From August 14, 1996, to March 17, 1997, he served as the first deputy prime minister of the Russian Federation under Boris Yeltsin’s presidency, and he was in charge of the country’s economic issues. During his time in office, Potanin headed twenty or so federal, governmental, and inter-agency commissions. While working in government, he was also Russia’s Governor at the International Bank for Reconstruction and Development (IBRD) and the Multilateral Investment Guarantee Agency (MIGA). In 1995, Potanin was instrumental in the creation of the “loans for shares” auctions that became a fundamental pillar of Russia’s post-Soviet economic reform. The auctions allowed the selling-off of Russian firms’ assets at below-market prices in exchange for stakes at state-owned companies. Additionally, this event was regarded as the founding moment of Russia’s oligarchy which influences Russia’s government even today.


Early in his career, Potanin had already focused on his philanthropic activities. In 1999, he founded the Vladimir Potanin Foundation which gives grants to teachers, students, and museums for academic accomplishments. He has also contributed millions to the Guggenheim Foundation, Moscow State Institute of International relations, and the Russian Olympic Foundation. He built the Rosa Khutor skiing facility for the Olympics. Further, Potanin is the only Russian to have signed The Giving Pledge, with a promise to donate at least half of his wealth to charity. He is even active in helping the Eastern Orthodox Church in their missionary work and other financial responsibilities.
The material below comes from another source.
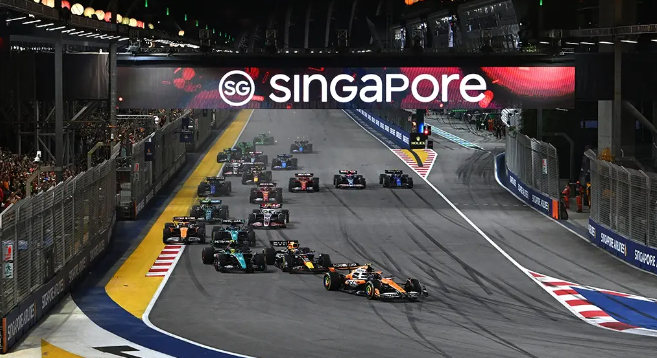 Singapore Grand Prix 2026 (Oct 7, 2026 to Oct 13, 2026) | XL Boland Travel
These benevolent activities do not reach mainstream media. We often attribute our impressions to people based on what they are known for or what we see on our televisions. Although this might be true in some cases, most of the time we perceive these people negatively. Nowadays, it is important to know that the bad deeds of people do not make them who they are.

3 Tips From Vladimir Potanin

“BE HUMBLE. “It is not good to demonstrate your luxury and your wealth: to rub it in the faces of others is insulting. So you should be modest; try not to insult people by showing that you can do what they cannot.”

“BE DOWN TO EARTH. “It is not so much that I am a blue-blooded oligarch: I just don’t feel like an oligarch.”

“BE HONEST. “There are ways of fighting for your interests. I never do something in business that I wouldn’t do in life.”